Is Your NPS a Bad Idea? Or Are You Missing a Crucial Shift in Perspective?
- Denice Diaz
- Nov 26
- 2 min read

Looking at responses on a 0 to 10 scale, customers who gave 0 to 6 scores weren’t very loyal. They didn’t spend much and often needed a lot of service, which made them a costly group. Scores of 7 and 8 showed some positive sentiment but no strong loyalty or growth. But the 9s and 10s? They behaved differently. They stayed longer, spent more, and actively recommended.
So, the NPS formula was created: subtract the percentage of detractors (0 to 6) from promoters (9 to 10). The higher the number, the better.
But here’s what often gets overlooked:
That number is abstract.+15? -24? It doesn’t say much on its own.
You could just say, “Our average likelihood to recommend is 7.2 out of 10,” which is clearer and says the same thing. For most companies, that number barely changes anyway.
The NPS and Trust Link
What wasn’t examined enough is the connection between trust and NPS. It’s obvious when you think about it.
Why do people recommend someone? Why do they stay loyal, spend more, and keep coming back? Because they trust them.
You don’t need a new metric to see this. When you compare a customer’s likelihood to recommend with their level of trust, the scores are often very similar. In financial services, the correlation is around 0.78, which is a strong link.
That means leadership teams should focus on the root cause: trust, instead of chasing an abstract number many find confusing. Few realise that: “The more someone trusts you, the more likely they are to recommend you.” That’s the engine behind your NPS.

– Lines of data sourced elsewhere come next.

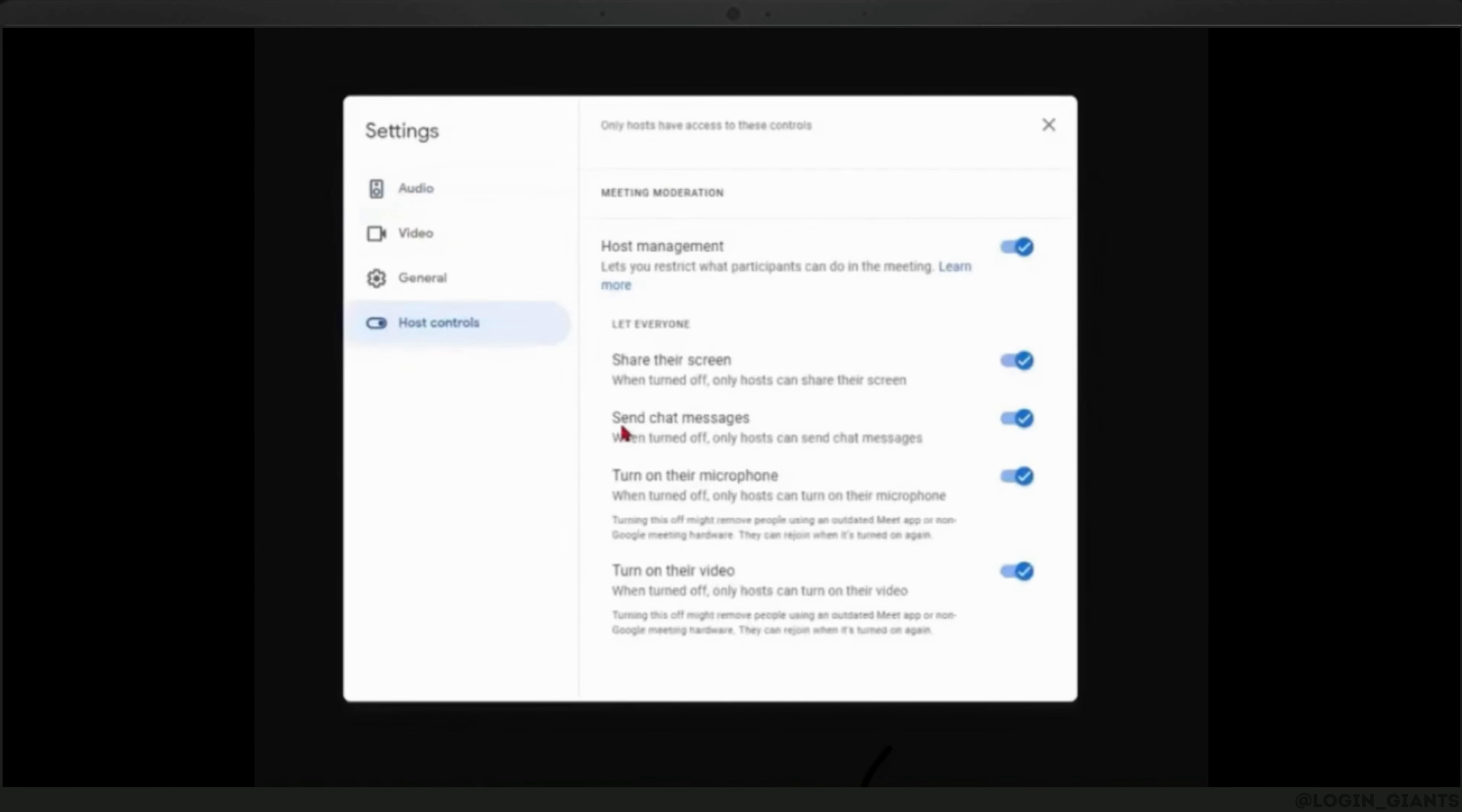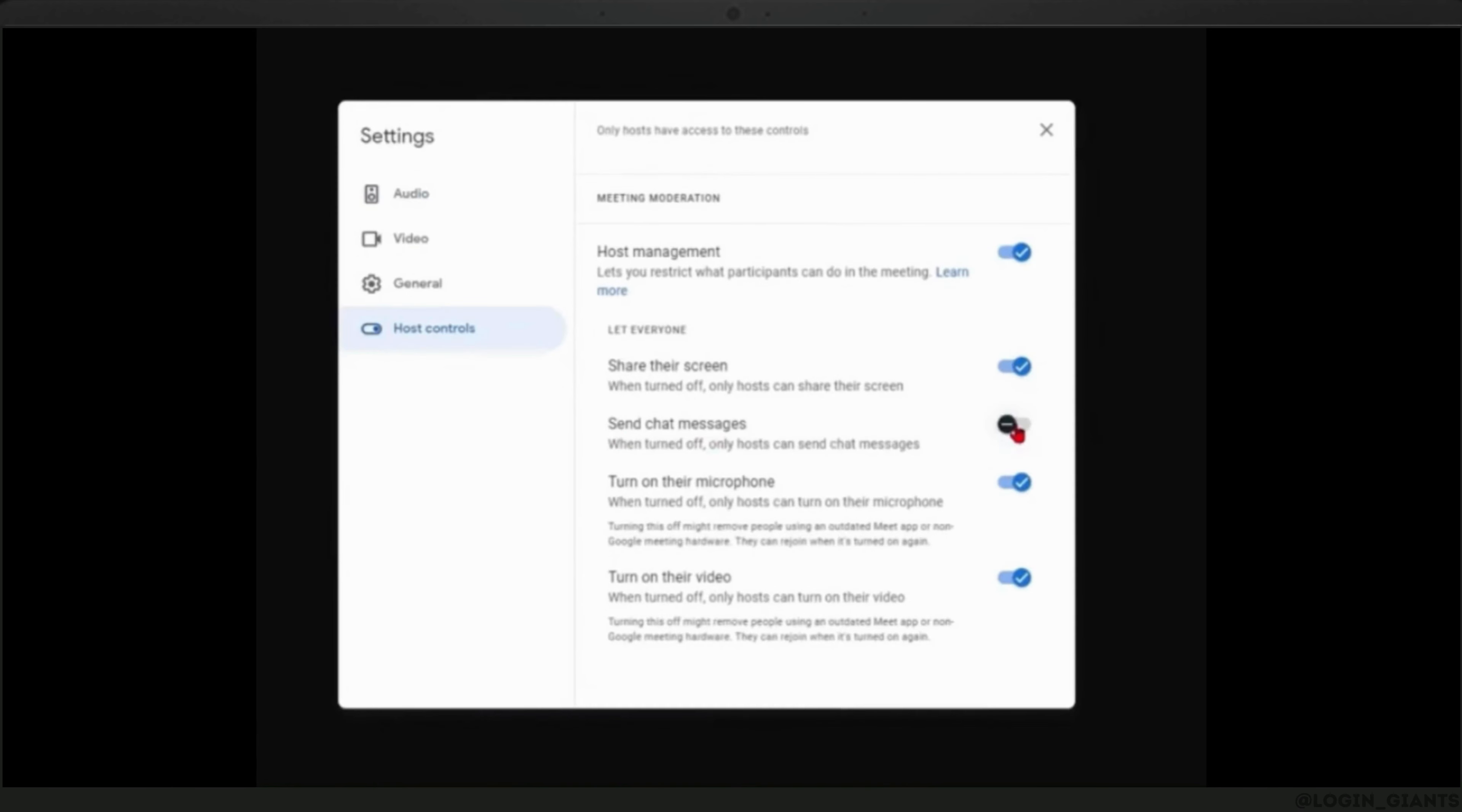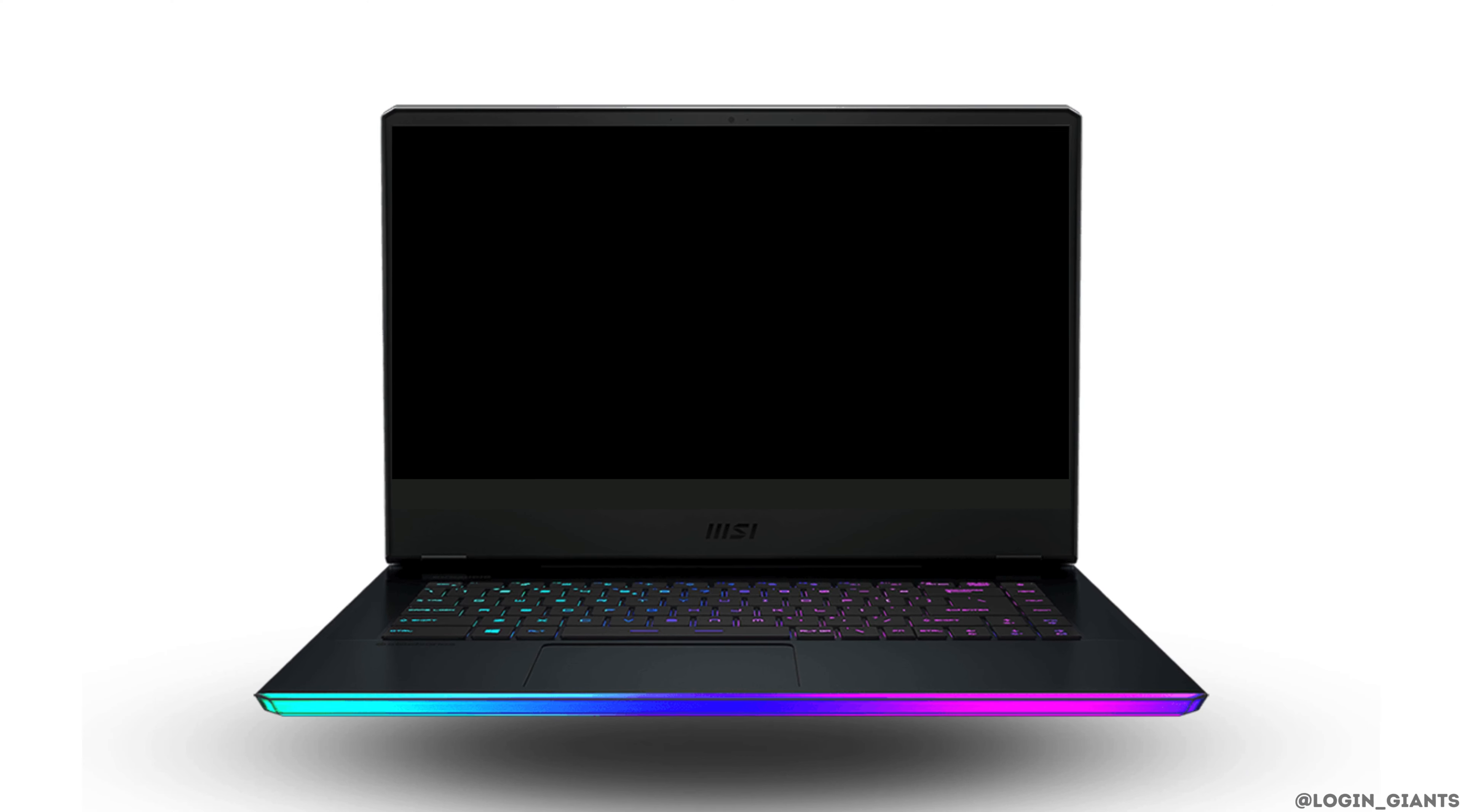As you can see under the host controls, the sent chat messages option is currently enabled. By clicking the button beside it, this will disable all chat messages and allows you to disable chat during a Google meeting.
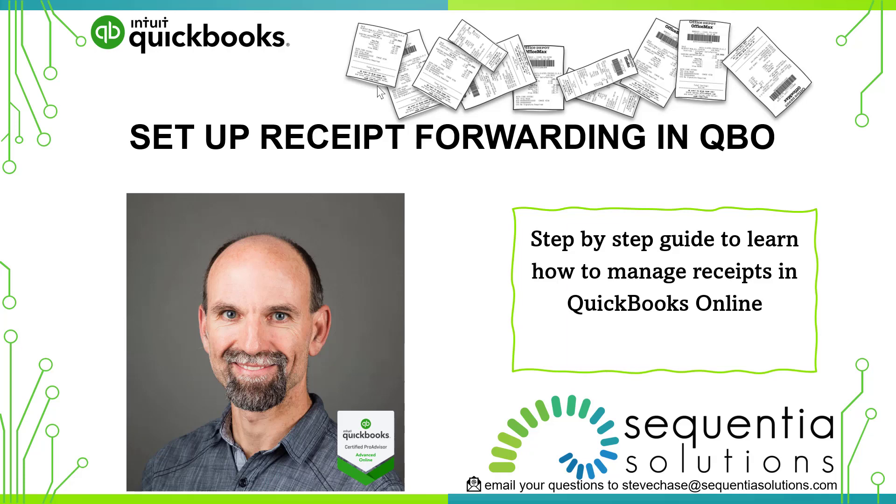In this video I'm going to share with you how to set up receipt forwarding in QuickBooks Online. Hello I'm Steve Chase and it's August 20th 2021. If you're struggling with keeping track of your receipts in QuickBooks Online, then this video will help guide you to learn how to properly manage all of your receipts in QuickBooks Online.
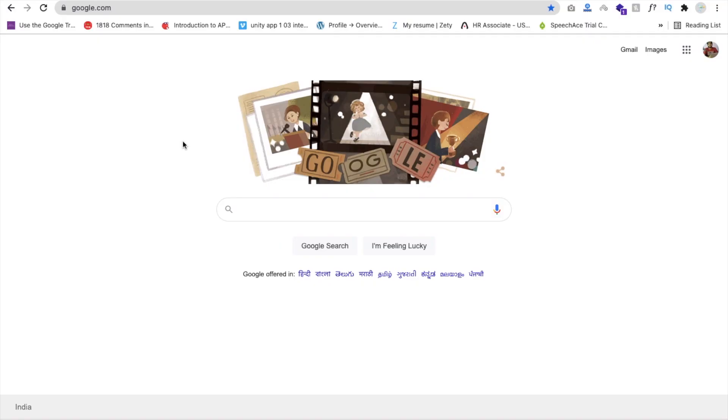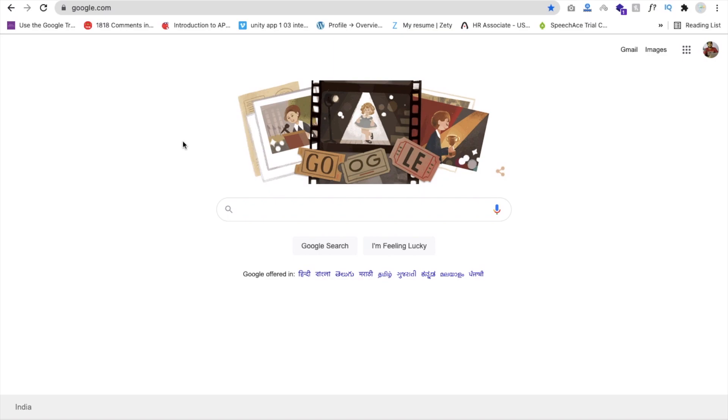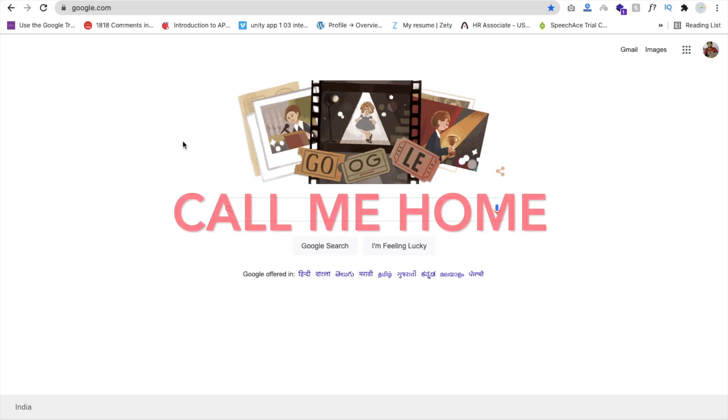Hello Mentors, this is Saro. In this video, we will learn how to create a game using MIT App Inventor. We will see the demo of this game, and the game name is Call Me Home.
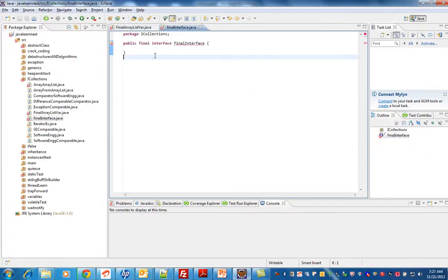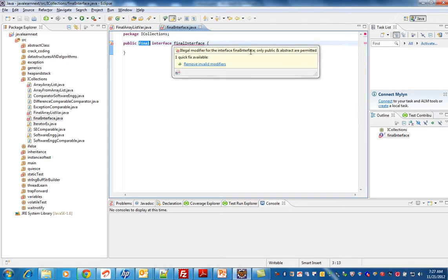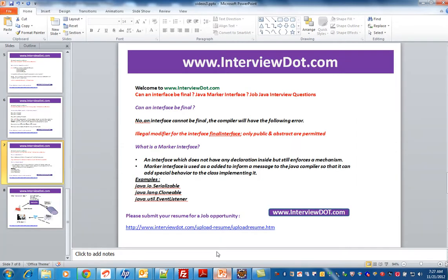So I have marked an interface as final. What it says is: illegal modifier for the interface, only public and abstract are permitted. So you have to remove this final keyword.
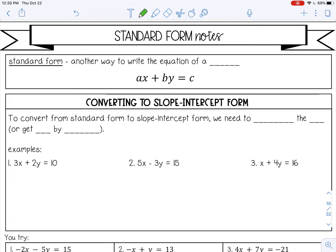Welcome to this lesson on standard form. Standard form is another way to write the equation of a line. We've already talked about slope-intercept form, which is y equals mx plus b. Standard form is written as ax plus by equals c.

Trust Is the Starting Point
That’s where we started. Data showed trust drives customer value. But the missing piece was how to measure and understand trust.
So we looked deeper.
Through hundreds of in-depth interviews, we explored how people experience trust in people, organisations, brands, and products. We found we don’t just “trust.” We trust for specific reasons, and those reasons fit into patterns.
Those patterns became TrustLogic®, a way to measure trust across six clear areas. Each customer forms an overall judgement: 6.3, 8.1, 7.5. It’s not vague. It’s logical and measurable.
From Theory to Action
We’re not saying don’t measure likelihood to recommend. It’s a useful proxy for trust. And since many organisations already use NPS, it makes sense to work with it. But it’s more meaningful to say: “Our customers trust us at a 7.5 level,” than,“ Our NPS is +7.”
The real point is this:
If you want to improve your NPS, you have to build more trust.
That’s the mindset shift. That’s where real progress begins.
People trust for specific reasons, across six specific areas. Once you understand what your customers currently trust you for, what they struggle to trust, and what they want to trust you for, you can create focused actions that build trust where it matters.
That’s what moves the needle. That’s what TrustLogic® was built to deliver.